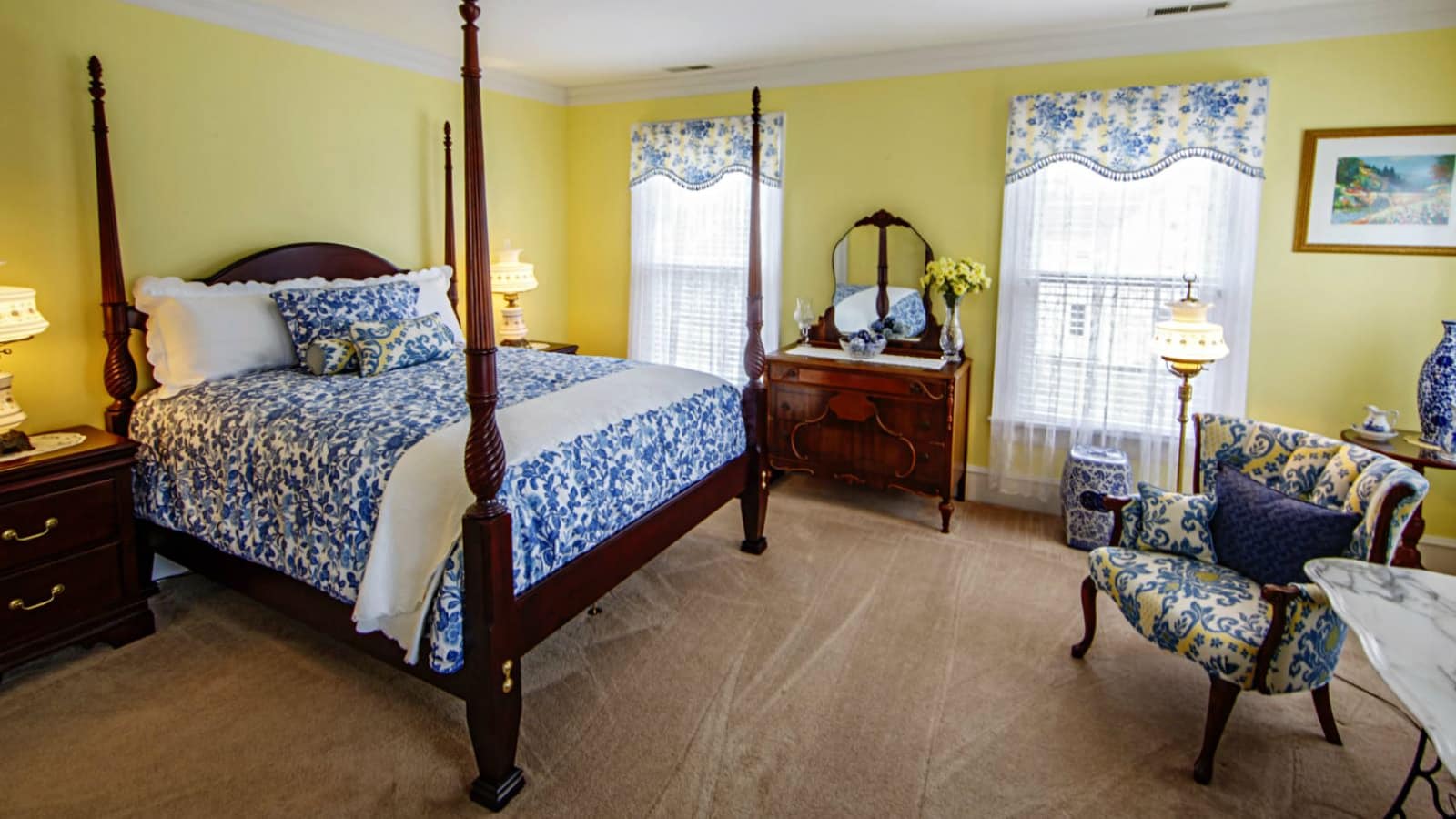 Bedroom with yellow walls, carpeting, dark wood four poster bed, blue multicolored bedding, dark wooden dresser, and upholstered and wooden antique chair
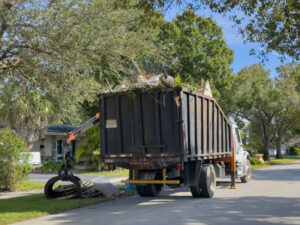 Bulk truck picking up trash in a community street, Plantation, Florida, USA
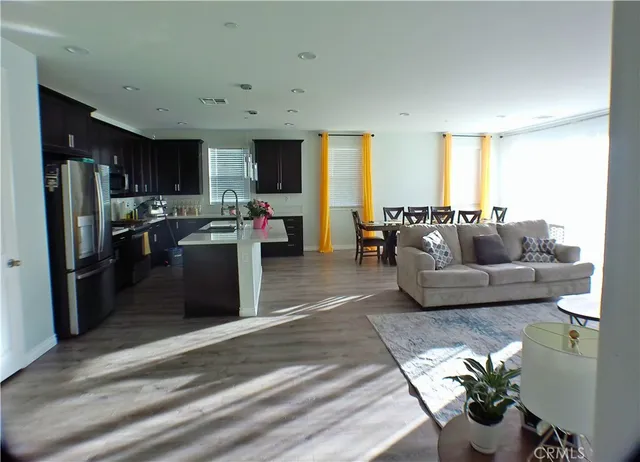 a living room with stainless steel appliances furniture and a view of kitchen
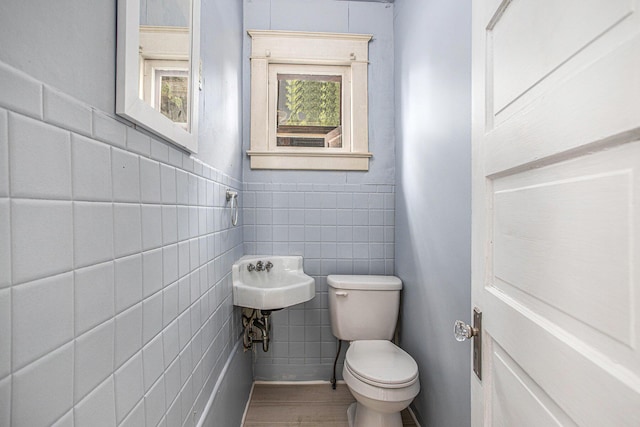176 N Union St, Battle Creek, MI 49017 - bathroom featuring toilet, tile walls, healthy amount of natural light, and wood finished floors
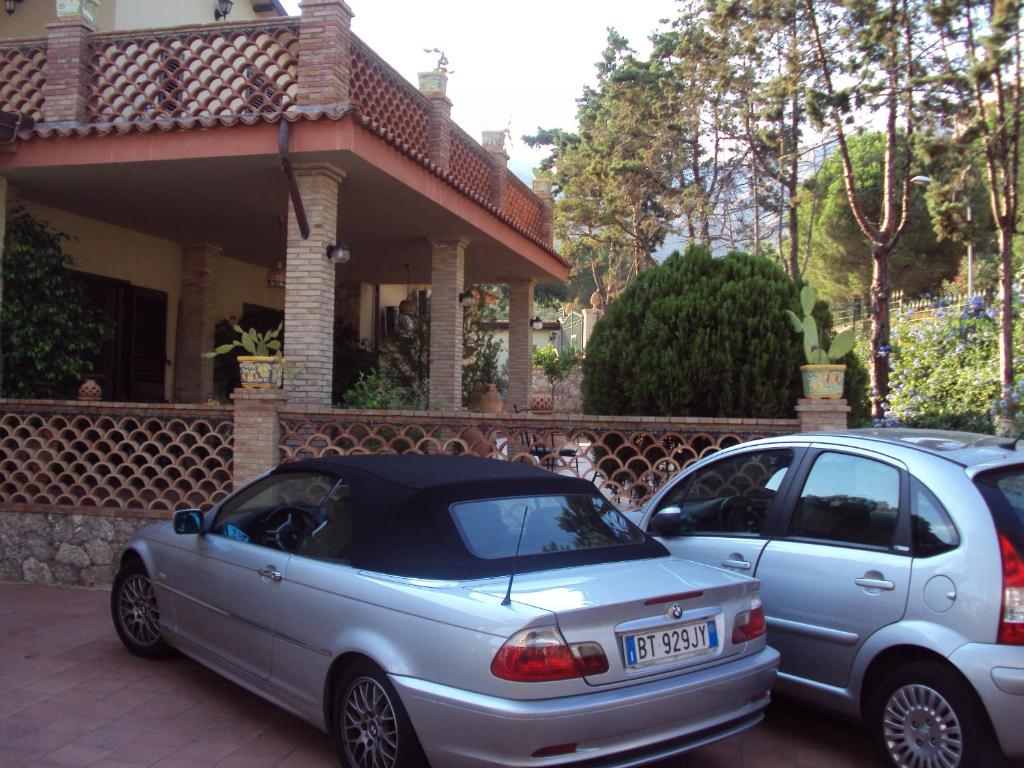two cars parked in front of a house at Villa La Spada in Taormina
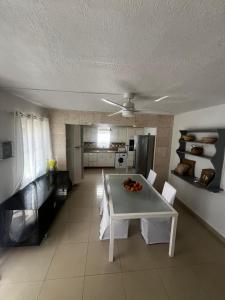 a kitchen and dining room with a table and chairs at Mawoon House in Friar's Bay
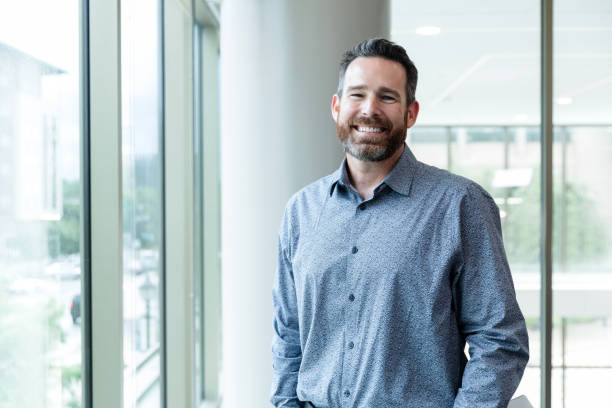 Standing in his office, the mature adult male entrepreneur smiles for his headshot.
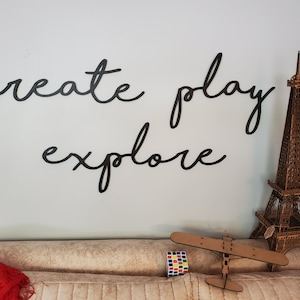 May include: Black wooden wall decor with the words "create play explore" in a cursive font. A wooden model of the Eiffel Tower and a wooden airplane are on a tan couch.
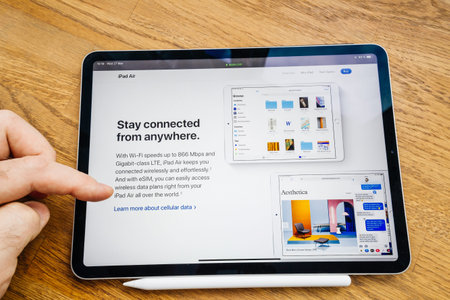 Paris, France Mar 27, 2019: Man hand POV looking at the new iPad Pro featuring Apple Computers...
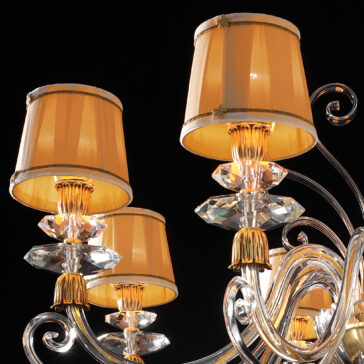 Swarovski® Crystal Chandelier With Shades Close-up of the Swarovski® Crystal Chandelier With Shades, showcasing five lampshades in a warm yellow hue, adorned with gold trim. The classic-style chandelier features intricate Swarovski® crystal decorations and elegant, curved metal arms against a black background.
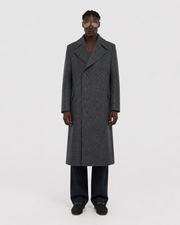 Men's gray double-breasted wool coat with patterned texture, worn with dark trousers and loafers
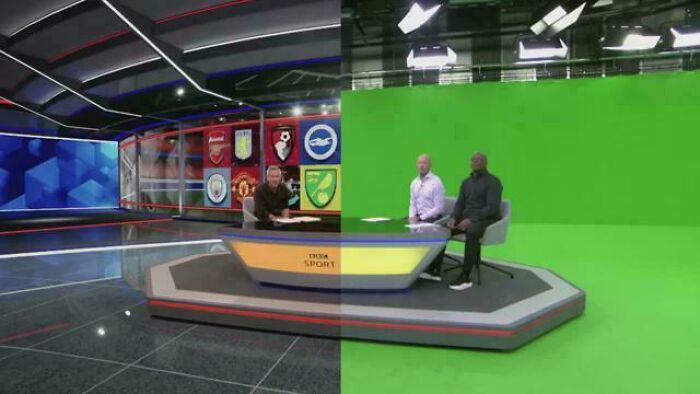 Sports news anchors in a studio shown from an alternate angle revealing the green screen background and production setup.
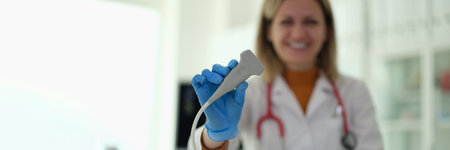 Doctor of ultrasound diagnostics holding probe in hands in clinic closeupの写真素材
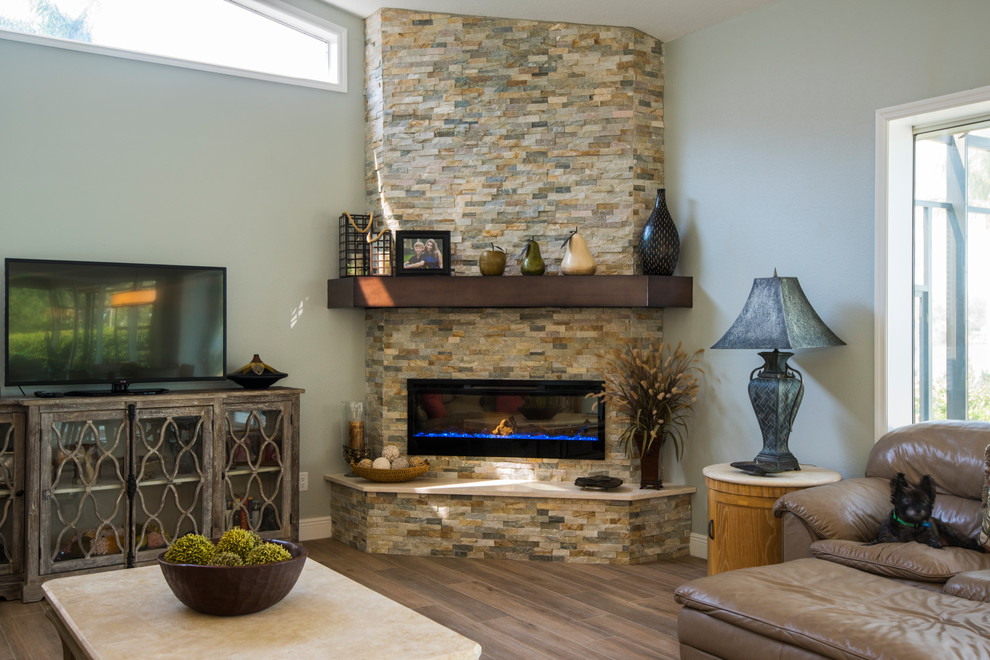 Aménagement d'une grande salle de séjour classique ouverte avec un mur gris, un sol en bois brun, une cheminée d'angle, un manteau de cheminée en pierre, un téléviseur indépendant et un sol marron.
▬▬▬▬▬▬▬▬▬▬
# What needs to be done
Drop the pictures and give every line above again exactly.

# Result of this task
 Bedroom with yellow walls, carpeting, dark wood four poster bed, blue multicolored bedding, dark wooden dresser, and upholstered and wooden antique chair
 Bulk truck picking up trash in a community street, Plantation, Florida, USA
 a living room with stainless steel appliances furniture and a view of kitchen
176 N Union St, Battle Creek, MI 49017 - bathroom featuring toilet, tile walls, healthy amount of natural light, and wood finished floors
two cars parked in front of a house at Villa La Spada in Taormina
 a kitchen and dining room with a table and chairs at Mawoon House in Friar's Bay
 Standing in his office, the mature adult male entrepreneur smiles for his headshot.
 May include: Black wooden wall decor with the words "create play explore" in a cursive font. A wooden model of the Eiffel Tower and a wooden airplane are on a tan couch.
 Paris, France Mar 27, 2019: Man hand POV looking at the new iPad Pro featuring Apple Computers...
 Swarovski® Crystal Chandelier With Shades Close-up of the Swarovski® Crystal Chandelier With Shades, showcasing five lampshades in a warm yellow hue, adorned with gold trim. The classic-style chandelier features intricate Swarovski® crystal decorations and elegant, curved metal arms against a black background.
 Men's gray double-breasted wool coat with patterned texture, worn with dark trousers and loafers
 Sports news anchors in a studio shown from an alternate angle revealing the green screen background and production setup.
 Doctor of ultrasound diagnostics holding probe in hands in clinic closeupの写真素材
 Aménagement d'une grande salle de séjour classique ouverte avec un mur gris, un sol en bois brun, une cheminée d'angle, un manteau de cheminée en pierre, un téléviseur indépendant et un sol marron.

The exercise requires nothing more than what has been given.